Wann kommen denn die restlichen Teile der Saisonvorschau? Bis jetzt sind ja nur die Hälfte aller Teams beschrieben worden.. Oder hab ich was verpasst?



von Oxymoron 20.10.09 um 17:19:56


@KaiS: Du hast nichts verpasst, die restlichen Saisonvorschauen erscheinen, wieder nach Divisionen gebündelt, in den kommenden Tagen. Als nächstes geht es mit der Southwest Division weiter.



von Cabalios 20.10.09 um 20:48:45


hehe, freu mich echt jedes Jahr wieder darauf wenn hier die Previews erscheinen :-)
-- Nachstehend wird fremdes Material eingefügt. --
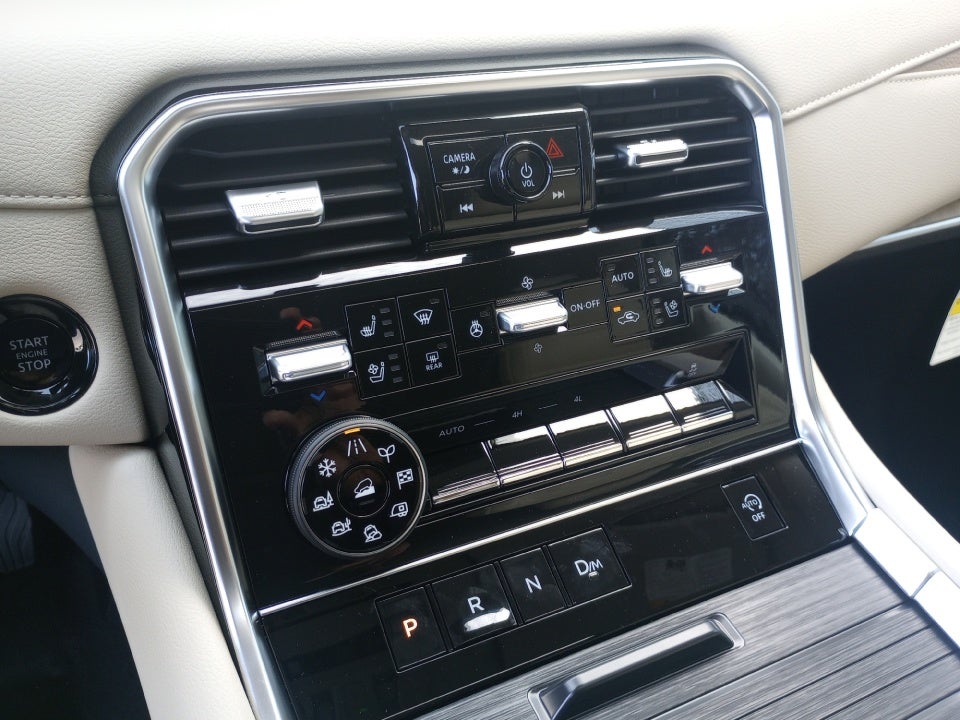 2026 Nissan Armada Platinum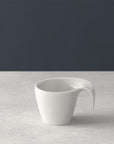 Set 6 Tazze caffè espresso con piattino FLOW. Villeroy &amp; Boch
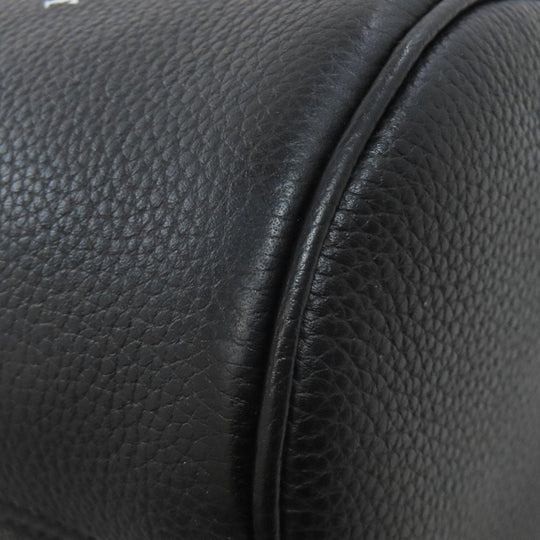 Christian Dior Shoulder Bag Calfskin black Atelier Roller Women Used Authentic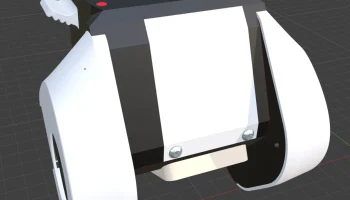 RMX: FatBurner - Ender 3 V3 SE (версия: однотонный/серый ... RMX: FatBurner - Ender 3 V3 SE (версия: однотонный/серый ...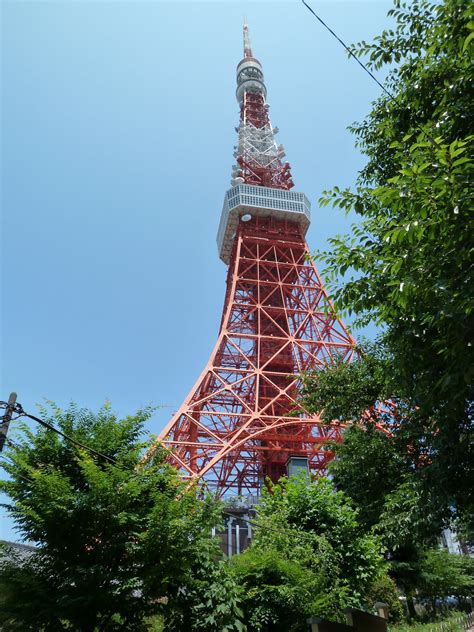 Lost in Japan...: To the Top of Tokyo Tower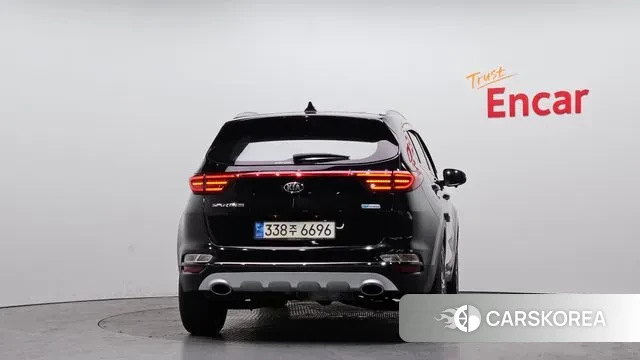 Kia Sportage The Bold id 3728486 из Кореи 14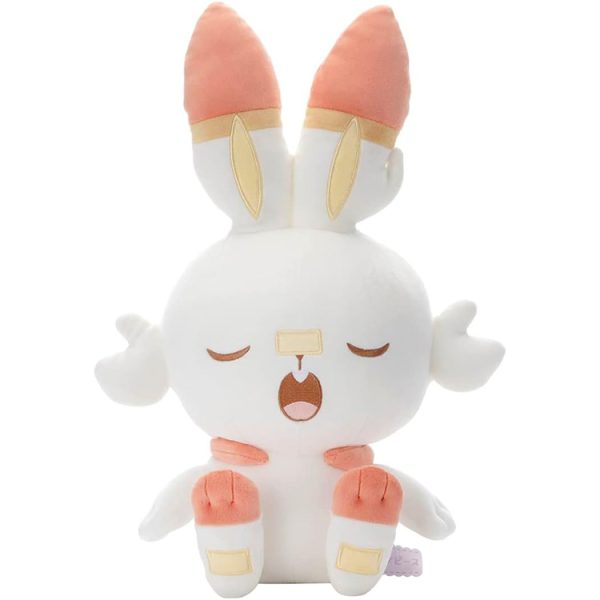 Pokemon Center Original Plush Toy PokePeace Scorbunny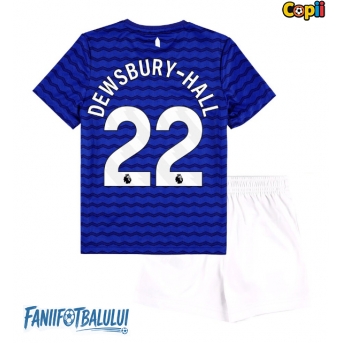 Everton Kiernan Dewsbury-Hall #22 Echipament de Fotbal Replică 2025-26 Copii Acasa (+ Șorturi)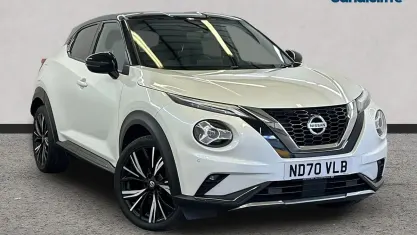 Begagnad Nissan Juke Tekna+ 114 HK (83 kW) 2023 Vit SUV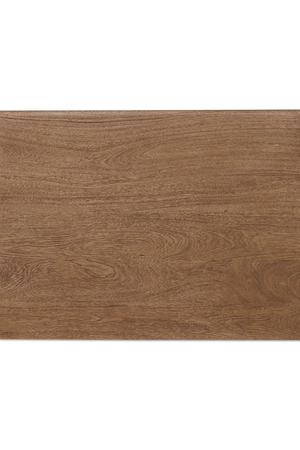 Wire-Brushed Acacia 2-Drawer Nightstand | Novi Living Rene | Oroa.com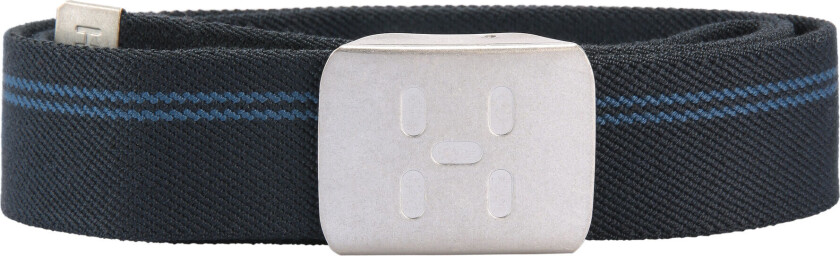 Stretch Webbing Belt Tarn Blue 1-SIZE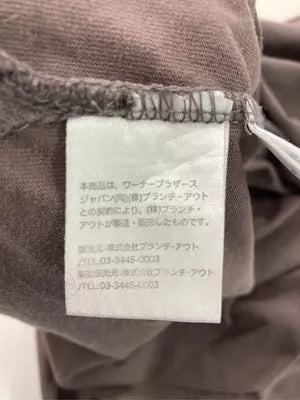 TOM and JERRY/トムアンドジェリー/Tシャツ/カットソー/トップス/ブラウン/L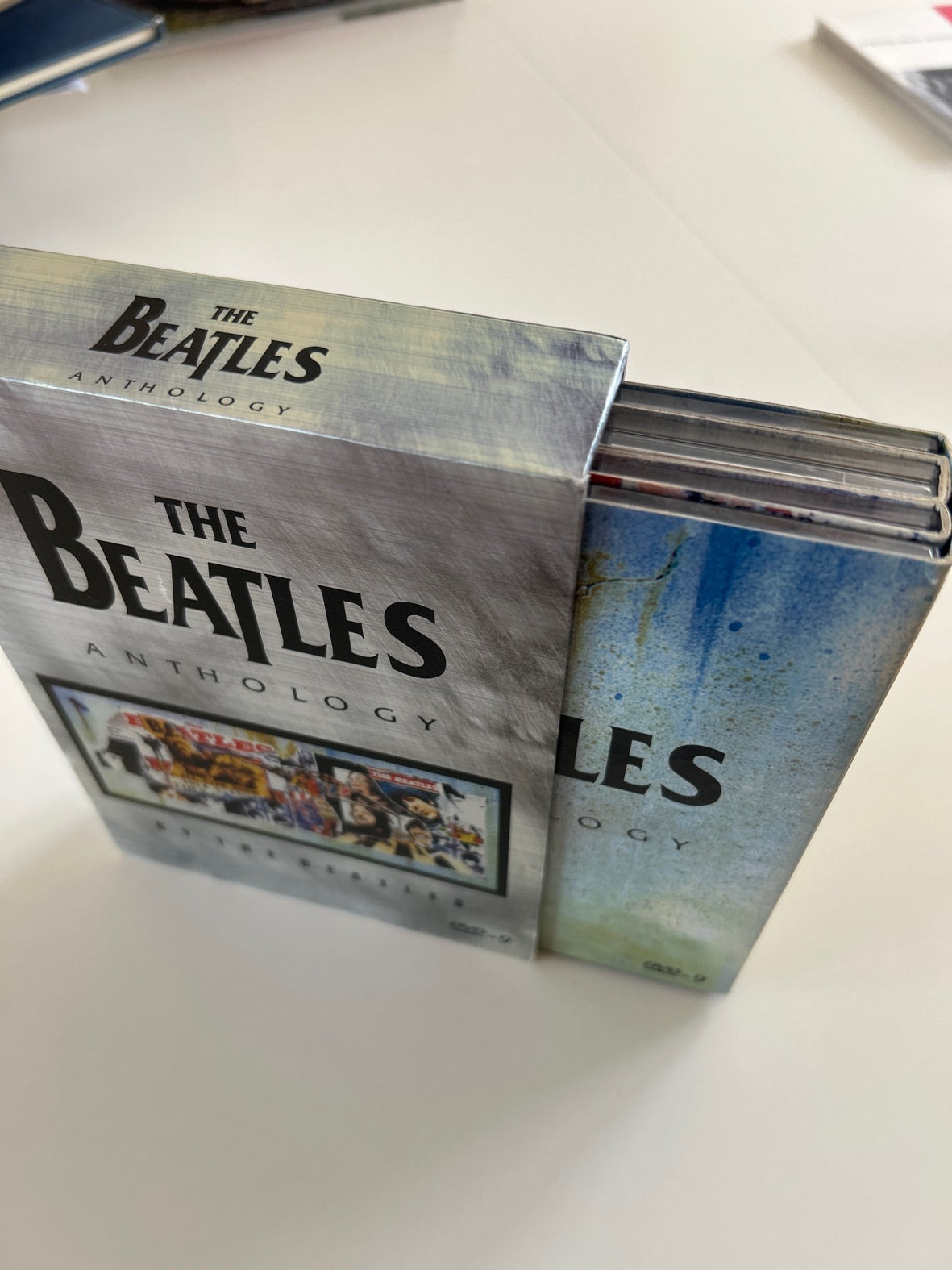 The Beatles Anthology DVD- udgaven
von flipflop 20.10.09 um 23:28:45


Gefällt mir gut diese Vorschau. Allerdings liegt Toronto am Lake Ontario und nicht wirklich am Eriesee ;-)
@eightch. Also ich finde dass mit Boston, Toronto und Philly doch drei relativ starke Teams vertreten sind. Und New Jersey ist zumindest für die Zukunft auch ganz gut besetzt?!



von Indiana 21.10.09 um 01:01:37


Coole Vorschau vor wie jedes Jahr allerdings kommt Philly beim Optimum seeeeeehr gut weg.
Viele sogenannte "Experten" sehen Philly schon an der Playoff-Quali scheitern.



von mkay 21.10.09 um 01:15:37


Daher heißt es ja auch Optimum ;)
der PO-Einzug darf aber bezweifelt werden.. stimmt schon.